In this article, we’ll implement a NFA based regex engine in Python.

We’ll have to do a few steps to convert an input expression, such as /ab*c/ into to something that can match a string.

Parsing an expression to an AST

We won’t focus on parsing in this article, so we’ll use Lark to generate a parser. The grammar is defined using ENBF notation. It defines what a valid regular expression consists of:

File: grammar.lark

regex:      "/" alt "/"
alt:        concat ("|" concat)*
concat:     item+
item:       atom QUANTIFIER?
atom:       dot | "(" alt ")" | literal
dot:        "."
literal:    /[^.()|*+]/
QUANTIFIER: "*" | "+"

Each row defines a rule followed by it’s definition. The root expression regex consists of an alternation surrounded by forward slashes. The alternation in turn consists of one or more concatenations. And so forth.

Don’t be confused by our use of regexes in the grammar file. Lark uses them to define a grammar, they have nothing to do with our regex implementation.

In our grammar, we support the regex meta characters +, *, wildcard letter ., and alternation |. Also concatenation is implicitly supported.

With the grammar defined, we can harness the parser to produce an abstract syntax tree (AST).

It's a bit of boiler plate, but we can define a transformation from the parse-tree to an abstract syntax tree by inheriting lark.Transformer. We've omitted that here; expand for full code.

# regex_ast.py
from dataclasses import dataclass

from lark import Lark, Transformer, v_args


@v_args(inline=True)
class AstBuilder(Transformer):
    def regex(self, child):
        return Ast.Regex(child)

    def alt(self, *children):
        return children[0] if len(children) == 1 else Ast.Alt(children)

    def concat(self, *children):
        return children[0] if len(children) == 1 else Ast.Concat(children)

    def item(self, atom, quantifier=None):
        if quantifier is None:
            return atom
        return Ast.Star(atom) if str(quantifier) == "*" else Ast.Plus(atom)

    def atom(self, child):
        return child

    def dot(self):
        return Ast.Dot()

    def literal(self, char):
        return Ast.Literal(str(char))


class Ast:
    @dataclass
    class Regex:
        child: "Ast.Node"

    @dataclass
    class Literal:
        char: str

    @dataclass
    class Dot:
        pass

    @dataclass
    class Star:
        child: "Ast.Node"

    @dataclass
    class Plus:
        child: "Ast.Node"

    @dataclass
    class Concat:
        children: tuple["Ast.Node", ...]

    @dataclass
    class Alt:
        children: tuple["Ast.Node", ...]

    type Node = Regex | Literal | Dot | Star | Plus | Concat | Alt

    @classmethod
    def len(cls, node) -> int:
        match node:
            case cls.Literal() | cls.Dot():
                return 1
            case cls.Star(child) | cls.Plus(child):
                return 1 + cls.len(child)
            case cls.Concat(children):
                return sum(cls.len(c) for c in children)
            case cls.Alt(children):
                return 1 + sum(cls.len(c) for c in children)
            case cls.Regex(child):
                return cls.len(child)
            case _:
                raise RuntimeError(f"Unhandled AST node: {node!r}")


builder = AstBuilder()
parser = Lark.open("grammar.lark", start="regex")
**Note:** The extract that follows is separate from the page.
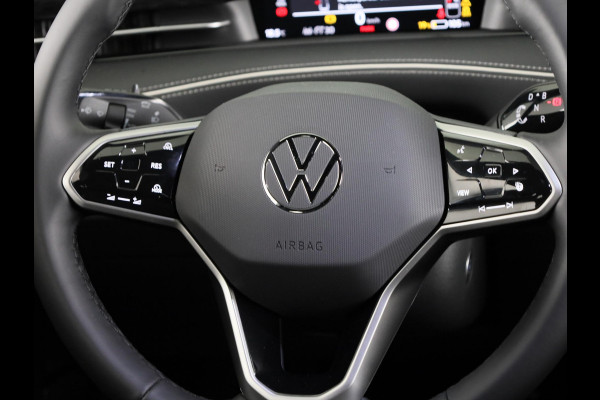 Volkswagen ID.7 Pro Limited Edition 77 kWh accu 210 kW / 286 PK Va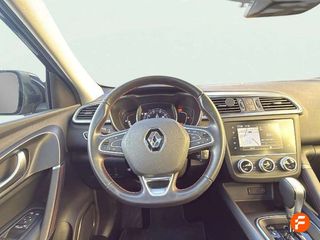 Renault Kadjar Black Ed GPF TCe 117kW (160CV) - EDC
Using these we can parse and transform an the input expression /ab+/:

from regex_ast import builder, parser

ast = builder.transform(parser.parse("/ab+/"))
print(ast)

which results in the AST:

Ast.Regex(
  child=Ast.Concat(
    children=(
      Ast.Literal(char='a'),
      Ast.Plus(child=Ast.Literal(char='b'))
    )
  )
)

Compiling an AST into an automaton

The AST is a tree representation of the parsed input. It’s not well suited for executing a regex, so the next step is to transform it to a finite automaton.

Consider the regular expression /ab*/. Remind you, that finite automata and finite state machines are the same thing. Thus, one obvious way is to represent it using a state chart.
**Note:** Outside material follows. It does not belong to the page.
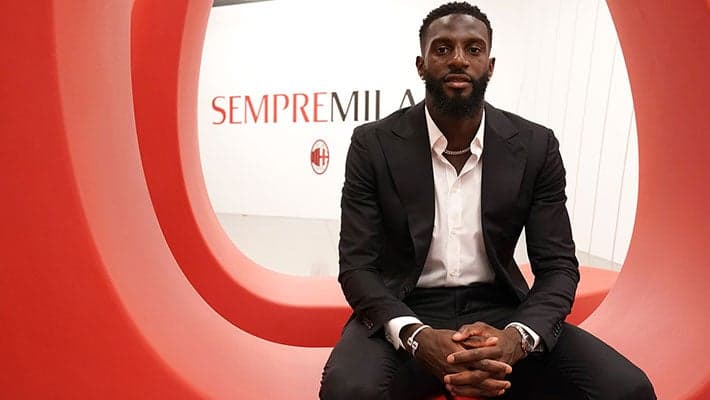 TIÉMOUÉ BAKAYOKO: OUR FOCUS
A finite automaton represented as a state chart — Figure 1: The state chart for a NFA equivalent to the regular expression `/ab*/`.

Tracing input abb through the chart in figure 1 letter by letter, you’ll find that there’s three ways to end up in the End state; both the string “a”, “ab” and “abb” match the expression /ab*/.
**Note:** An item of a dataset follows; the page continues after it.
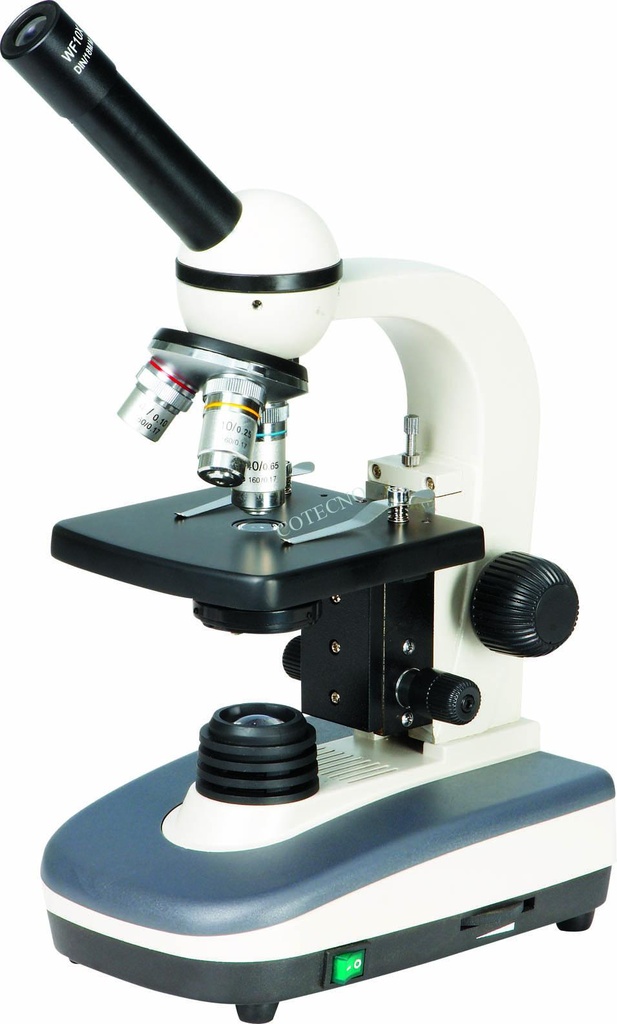 Microscopio BellO-MicBioT-D - WP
Thompson’s construction algorithm composes these partial NFA:s into one final automaton. His original approach was literally compiling the expression to IBM machine code. The transform from the plain text expression to a NFA is still commonly called compiling.

Modified thompson construction rules for a NFA — Figure 2: Our modified Thompson construction rules for a NFA.

The rules for partial MFA’s are shown in figure 2. Our approach deviates slightly from that of Thompson. We’ll unify the + and * meta characters as a Quantifier, and treat the dot operator as a special case of a Literal. This simplifies NFA creation slightly, since all rules have their entry state as the left-most node.

The regular expression will be transformed into the following NFA states:

File: regex_nfa.py (excerpt)

from dataclasses import dataclass

from regex_ast import Ast


class State:
    @dataclass
    class Split:
        next: tuple[int, ...]

    @dataclass
    class Quantifier:
        min_visits: int
        next: int
        exit: int

    @dataclass
    class Literal:
        state_literal: str | None  # None means match anything
        next: int

    @dataclass
    class End:
        pass

    type Node = Split | Quantifier | Literal | End

Each state has “pointers” to its successor nodes indices. The outer State class is used as a namespace.

To compile the Ast to a list[State], we use a helper build_states(). It walks the tree from the root node and recursively builds a list of states.

File: regex_nfa.py (excerpt, continued)

def build_states(ast: Ast.Node, states: list[State.Node], *, exit: int) -> None:
    """Builds a list of states from an AST node.

    Note:
        Mutates the `states` argument.
    """
    match ast:
        case Ast.Regex(child):
            build_states(child, states, exit=exit)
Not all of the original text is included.